This implementation supports bulk operations and should cover most use cases: https://github.com/cameron314/concurrentqueue

With a single producer/consumer it should behave like an ordinary SPSC queue.

Instead if vendoring a second library it might be worth migrating the rigtorp/SPSCQueue code.

daschuer · 2024-11-11T17:40:39Z

In that case let's stick with the established Portaudio version. It is exactly designed for our use case of fast bulk transfer of samples and is just missing sanitizer animations.

m0dB · 2024-11-11T18:08:10Z

In that case let's stick with the established Portaudio version. It is exactly designed for our use case of fast bulk transfer of samples and is just missing sanitizer animations.

No, please! Thread sanitizer flags it up! Sure, it will work, but it is not correct. Also, seeing that Portaudio has not been thread sanitised, I would not be surprised if the hanger I experienced comes from Portaudio itself. But I consider code that does not execute cleanly with thread sanitizer broken!

I know the pitfalls of lock-free programming very well. I am confident this implementation is correct. I am not against using other options, but I needed something that would easily adapt to the FIFO class API. None of the mentioned options fit this purpose. They are about reading / writing single items, not about reading / writing blocks of memory and accessing regions in the ringbuffer.

If you consider that there is some opensource and established solution that adapts well to the FIFO class API, be my guest. But in the meantime, please don't block this PR until there is a better option.
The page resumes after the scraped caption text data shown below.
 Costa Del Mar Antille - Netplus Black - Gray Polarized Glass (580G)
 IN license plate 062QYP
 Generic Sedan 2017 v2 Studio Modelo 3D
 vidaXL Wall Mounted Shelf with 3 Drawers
m0dB · 2024-11-11T20:07:33Z

I am going to use revert the FIFO API to use int. I am having to touch way to many files to fixes the windows compilation.

…as a backend

daschuer · 2024-11-11T22:51:01Z

With force push, we need to review the whole PR over and over again. It is better to add commit that we can track the changes. If you like to have finally only one commit, feel free to squash everything before merge into the target branch.
See also: https://github.com/mixxxdj/mixxx/blob/main/CONTRIBUTING.md

m0dB · 2024-11-12T11:10:31Z

With force push, we need to review the whole PR over and over again. It is better to add commit that we can track the changes. If you like to have finally only one commit, feel free to squash everything before merge into the target branch. See also: https://github.com/mixxxdj/mixxx/blob/main/CONTRIBUTING.md

Yeah, sorry about that. I had all these casts added allover the code to make windows accept size_t instead of int as the return type, and I checkout just have checked out those files from 2.5 instead of rebase.
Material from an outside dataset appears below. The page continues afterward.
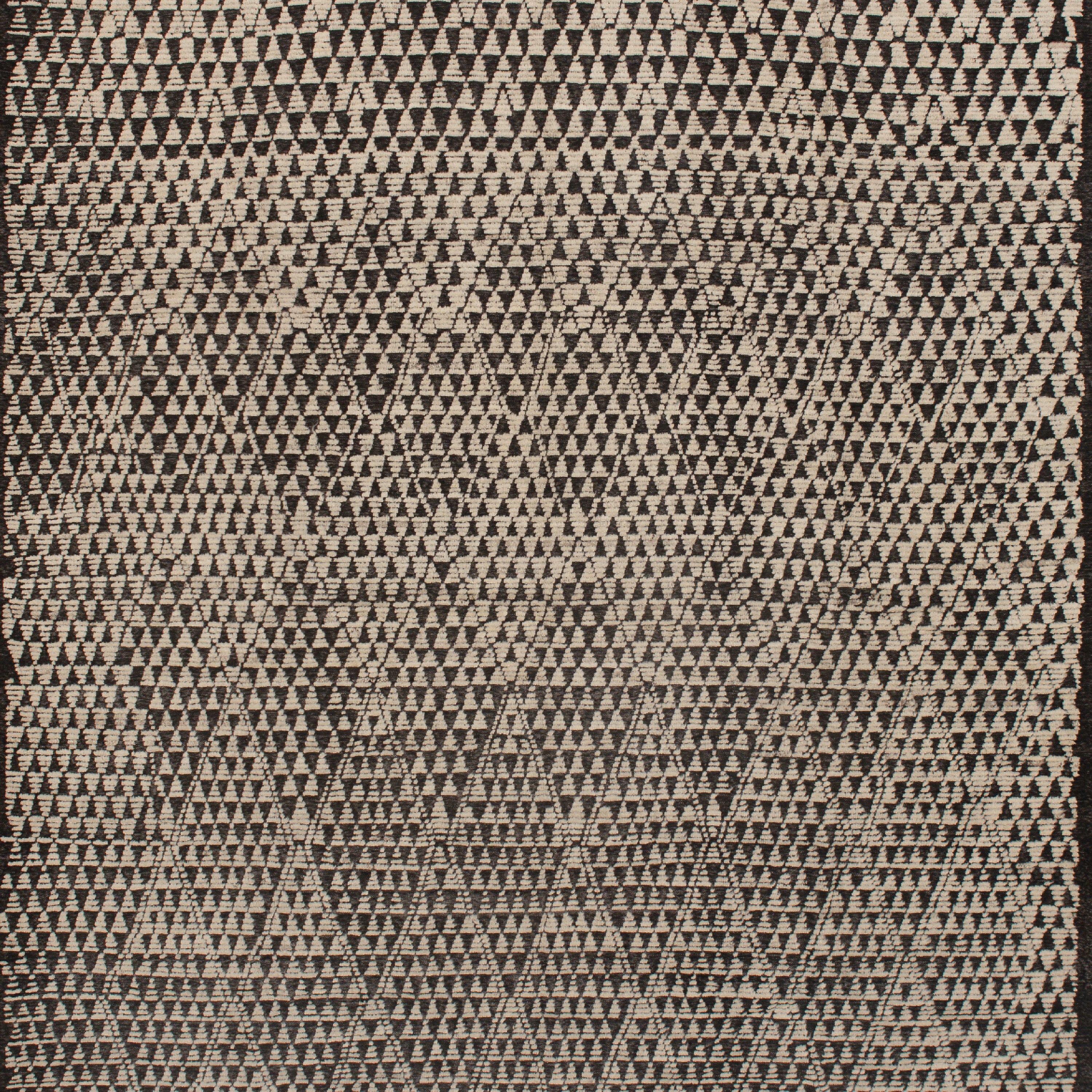 Zameen Patterned Modern Wool Rug - 10'6" x 15'5" Default Title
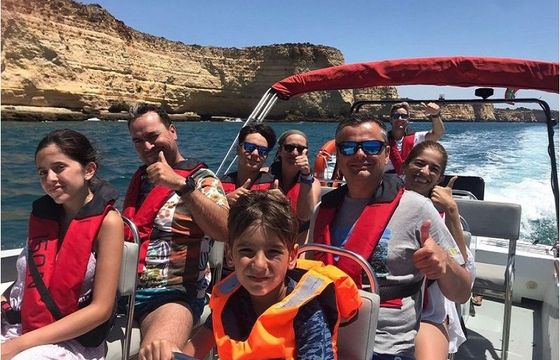Boat trip to the Benagil Cave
Anyway, the only things to review are fifo.h itself and the fifotest.cpp, nothing else has changed now (in other words, it really is a drop-in replacement).

daschuer · 2024-11-12T13:22:36Z

Thank you for the coment about the atomics. This puts a certein requirement on readAvailable() and writeAvailable() can you document that at the function itself? Both read two atomics. Can you also described how it is deal with the situation a read and write happens betwwen the both accesses?

I am a bit concerned, bcause the original implementation PaUtil_FullMemoryBarrier() diffrently.
Every memory barierre flushes the prefetched CPU cache which has perfomace implications. On the other hand a missing memory barriere will introduce broken functionallity.

Is PaUtil_RingBuffer() broken because of this? I am in doubt, because it is established code we use without any issues for years.
The TSAN finding are IMHO only false positive bacaus of the missing instrmentation with __tsan_acquireand__tsan_release`.

On the other hand we may introduce here extra barieres that may slow down the queue unnecessarily.
https://github.com/PortAudio/portaudio/commits/57aa393109ec996799d3a5846c9ecb0a65b64644/src/common/pa_ringbuffer.c .. has some commits regarding barrieres.

However if we are convinced it is broken actually broken, we will suffer the same issue when using it via portaudio and we should contribut a fix back. Thats the reason why need to full undertand the whole topic.

Swiftb0y · 2024-11-12T14:15:03Z

The TSAN finding are IMHO only false positive bacaus of the missing instrmentation with __tsan_acquire and __tsan_release.

I think the fact that these are missing is by itself an argument against using it since that indicates IMO that the code is not well maintained (also evident from the commit history). Moreover, does it also make sense to make ourselves less dependent on PortAudio if we ever want to switch to another library that does care about features such as hotplug.

However if we are convinced it is broken actually broken, we will suffer the same issue when using it via portaudio and we should contribut a fix back. Thats the reason why need to full undertand the whole topic.

This is a C++ implementation though and the PA code is pure C, a port wouldn't be trivial if even feasible.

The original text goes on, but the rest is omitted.